Tuesday, November 24, 2009

414) The Limits of Control (2009)


414) The Limits of Control (2009) Dir: Jim Jarmusch Date Released: May 2009 Date Seen: November 24, 2009 Rating: 4/5

The beauty of The Limits of Control lies in its infuriating cryptic simplicity. The film is all about Lone Man's (Isaach De Bankole) journey to accepting his own inner life and sense of personal freedom. In that sense, though I can object to the film's individual images (Bill Murray's Cheney-esque "American," Bankole's exotic "other"-worldly appearance as the American that doesn't identify as being, well, American). But as long as I agree with the journey as process as conclusion, then in principle, I've already allowed myself to be seduced by the film. It's a good thing that the process in question is in fact engaging as a film as well as a statement.

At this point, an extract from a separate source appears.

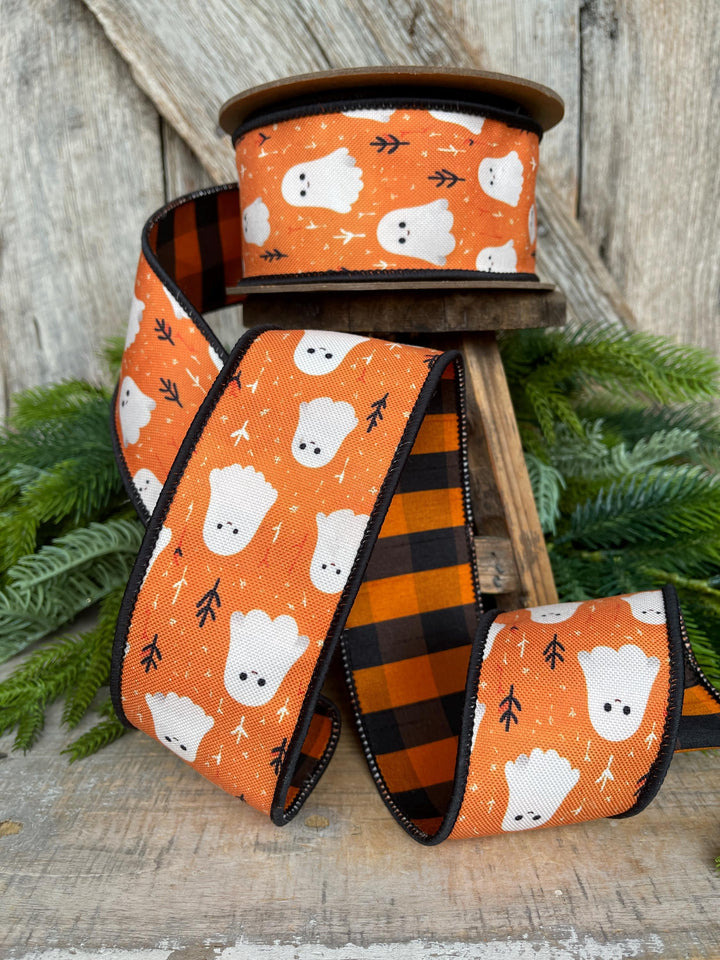 Vintage Halloween Ghost Ribbon - 2.5" Wired Edge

I have to agree with my supportive and every-diligent colleague Joseph Jon Lanthier when he said that The Limits of Control is in a sense all about spaghetti westerns. Spare, though oddly obtrusive, electric guitar-heavy music thrums while Lone Man is advised by a number of oneiric spirit guides in cowboy hats. The Limits of Control is set almost entirely in Spain, where the majority of spaghetti westerns were shot. Like that subgenre, it's concerned with expanding its hero's identity by juxtaposing generic symbols with unexpected new ones, in this case, two cups of espresso and a guy-tar. Just as the spaghetti western evolved the classical Hollywood western's preoccupation with manifest destiny beyond the terrain of physical expansion, so to is The Limits of Control more concerned with a spiritual and philosophical broadening of horizons. Its purposive, though seemingly free form, narrative encourages a move from moral certitude toward amorality, begging us to see Lone Man's ritualized search for answers as one determined not by symbols without apparent explanation but by symbols with no set limits. Somewhere, Alejandro Jodorowsky is smiling.

Which brings me to the film's surreal sense of humor. Like the fiction of Haruki Murakami, Jarmusch's film revolves around the calculated complacent acceptance of the sublimely strange as a worldview. Pop art and weird shamans borne from a universal subconscious go hand-in-hand, just as the protagonists of Murakami's stories are advised by everybody from a Sheepman to Col. Sanders, who in Murakami's Kafka on the Shore is a wise old pimp. Scenes like the Lone Man's trysts with Nude (Paz de la Huerta) are entirely within the realm of Jarmuschian sexual norms ("Do you like Schubert?") but their ethereal qualities are this time tied to the film's inescapable, though hardly relentless, set trajectory. This means that we're encouraged to take our time because the film, like any journey of self-discovery, cannot be rushed. But we're also reminded, as in a Murakami story, that eventually, we and Lone Man will get there.